Why should North Americans care about Brexit?
“Well, firstly, I think it’s really important that people across the world understand where power really lies. And power really lies in the hands of the very large international corporations, whether it’s Google or Facebook, whether it’s big mining corporations, or whether it’s Amazon. And with the very large trading agreements that have been reached… and with the large countries such as India and China, populations of 1.2 billion each, and in that global environment, it’s really important that countries join up and work closely together. From the school playground, right through to the formation in the early part of the last century of the trade union movement, people understood that strength lay in working together and that’s really the message we’re trying to get across to persuade the British people to stay and it’s the message, I think, that we want people to hear, our friends, and you are our friends, across the world, who have been saying, in very large numbers, ‘For goodness sake, stick in there, argue your case, deal with the problems that you see within the European Union and continue to work across the world in a united fashion.'”
You’ve said you believe Britain would be more effective within the EU in terms of fighting terrorism, organized crime, and mass migration. How so?
“Well, when I speak to University Canada West on Wednesday morning. I’m going to say there are three Ps. There’s power, where power lies. There’s protection, and that’s security, but it’s also about world trade and tariffs. And, it’s about people movements, with 19 million people actually on the move across the world outside their own boundaries displaced by war and division. And, we can only actually tackle those three Ps by actually being part of blocs, part of a world where people are cooperating in a relatively small continent geographically like Europe, but with a very large overall population, over 550 million within the 28 countries of the EU, we need cooperation to be able to tackle those global challenges, and they are global. But, within Europe as we’ve seen with the influx of migrants from Syria and other conflict zones, you’re going to have to deal them wherever you are. And, one of the twists of all of this is that Canada, with its organized migration policy, is actually taking a very large, a larger number per head of population into your country than we are, yet there is a panic going on within the United Kingdom about migration and we can only deal with that panic by sealing and dealing with the borders of Europe, not the borders of Britain.”

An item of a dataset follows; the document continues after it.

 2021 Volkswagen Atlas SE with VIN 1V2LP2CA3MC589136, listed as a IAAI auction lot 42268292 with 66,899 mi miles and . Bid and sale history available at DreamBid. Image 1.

“Just to give you one example, John, when I was Home Secretary, we opened up the right to work of those countries which came into the European Union in 2004. They were from Eastern Europe. The largest of those was Poland. We said, ‘We want you to work legally and openly and pay tax and National Insurance.’ When we did that, we discovered that 40 per cent, 4-0 per cent, of those who actually registered to work and came out of the sub-economy, were already in the country. They were working and living illegally. So, we can’t delude ourselves, by somehow having the English Channel, or in the case of Donald Trump, building a wall along the border with Mexico, we can suddenly stop the flow of migrants. What we’ve got to do is to work together to have sensible, rational migration policies. And that applies equally, of course, to security as well.”
As you mentioned, you were the British Home Secretary during the time of 9/11. Is that when you realized the importance of cooperation when it comes to going after international terror?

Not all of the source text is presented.